The potential advantages of utilizing IRT analysis in scale development include greater flexibility in selecting items from the existing parent proxy-report item banks tailored to the objectives of a particular clinical research investigation. Further, scales that have been developed with CTT may have gaps in their ability to measure the full spectrum of the latent construct, while with IRT calibrated items, one can construct a measure that is useful across the full continuum of the latent variable . Thus, this analytic methodology provides clinical researchers the opportunity to select the most meaningful items for their study design and hypotheses. In this study, we proposed short forms measuring each of the content domains; however, a smaller subset of items from the item banks can also be used and scored on the same metric as the larger set using a more dynamic CAT algorithm.
Our finding that parent proxy-report demonstrated moderate to low agreement with pediatric self-report is consistent with the extant literature , suggesting that information provided by proxy-respondents is not equivalent to that reported by the patient. In the HRQOL literature, imperfect agreement between self-report and proxy-report has been consistently documented, typically demonstrating higher correlations for more observable domains (i.e., physical functioning) and lower correlations for less observable or internal symptoms such as emotional functioning, pain, and fatigue . Our findings are consistent with this larger literature.

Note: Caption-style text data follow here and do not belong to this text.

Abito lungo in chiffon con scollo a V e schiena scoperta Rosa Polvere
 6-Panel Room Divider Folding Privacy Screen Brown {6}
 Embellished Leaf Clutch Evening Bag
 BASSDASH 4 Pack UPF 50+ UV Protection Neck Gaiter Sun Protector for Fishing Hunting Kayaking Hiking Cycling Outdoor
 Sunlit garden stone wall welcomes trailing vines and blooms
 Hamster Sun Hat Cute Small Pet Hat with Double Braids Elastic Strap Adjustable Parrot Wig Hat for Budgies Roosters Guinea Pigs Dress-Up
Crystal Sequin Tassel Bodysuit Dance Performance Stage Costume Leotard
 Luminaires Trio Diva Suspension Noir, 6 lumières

By administering the items spread over several test forms, we were unable to perform factor analyses across the entire item bank for six of the ten content domains. For each of these six domains, factor analysis was conducted on two separate sets of items. It is possible that factor analyses would turn out differently if all the items within each content domain were analyzed as a single set. However, because the items were created to fill content from qualitative work and then were randomly allocated to each test form, the different test forms can be viewed as replications. By having replicated factor analyses, our impressions of multidimensionality, when repeated across forms, increased our confidence in the factor analytic results.

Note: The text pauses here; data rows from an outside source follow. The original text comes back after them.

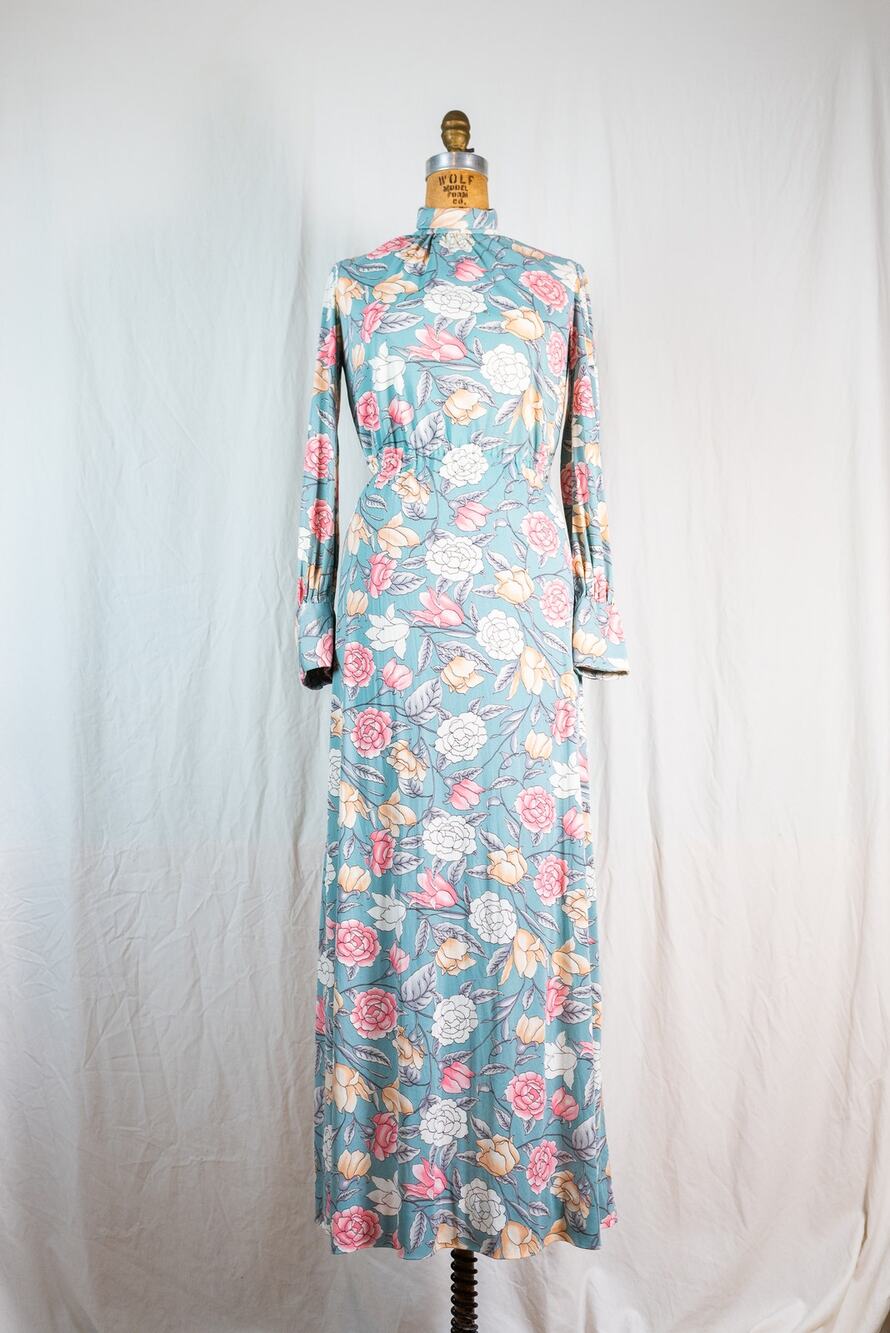 Vintage 70s Sage Green Floral Maxi Dress Romantic Boho Rose Long Sleeve Maxi, SM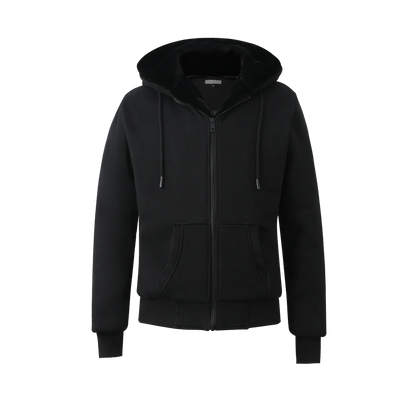 Men’s Black Hoodie | Removable Black Fur | T.O. Collection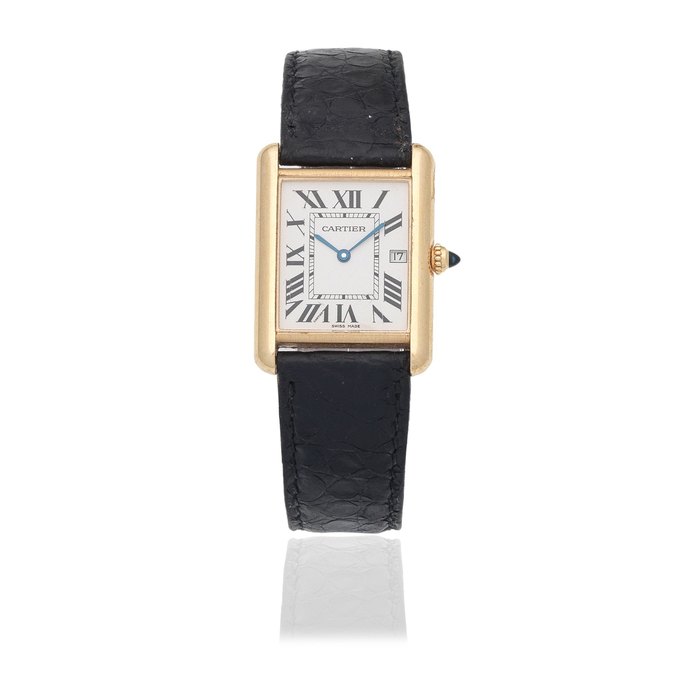 Cartier. An 18K gold quartz rectangular calendar wristwatch Tank, Ref: 2441, Circa 2010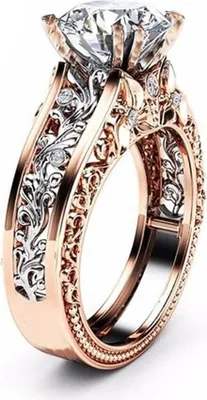 Produktbild von Damenring Zirkonia Stein Ranken Floral Verlobungsring Solitärring Bandring Autiga® rosegold 56 - Ø 17,90 mm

We recruited participants from clinics across five sites to achieve a sample with diverse experiences in terms of health outcomes, but also cultural and ethnic influences. This study does not report on using the items in languages other than English or in children living in other countries, as such, we cannot assume that the scales would have the same test characteristics in those other populations.
Future research with other samples may reveal other sources of DIF for the items; an advantage of IRT as a method is that it can detect item-level DIF, and “flag” items to be used only with caution for comparisons across levels of a variable for which DIF exists. Although analysis of DIF led to smaller item banks, we believe this approach will ultimately yield a more broadly applicable measure for comparing results across populations.
In conclusion, this study provides initial IRT calibrations of the PROMIS® parent proxy-report item banks and the creation of the PROMIS® Parent Proxy Report Scales which address an important gap in the current literature. Further research is indicated on construct validity and tests of the responsiveness of these scales and item banks in larger samples of parents of pediatric patients with chronic health conditions.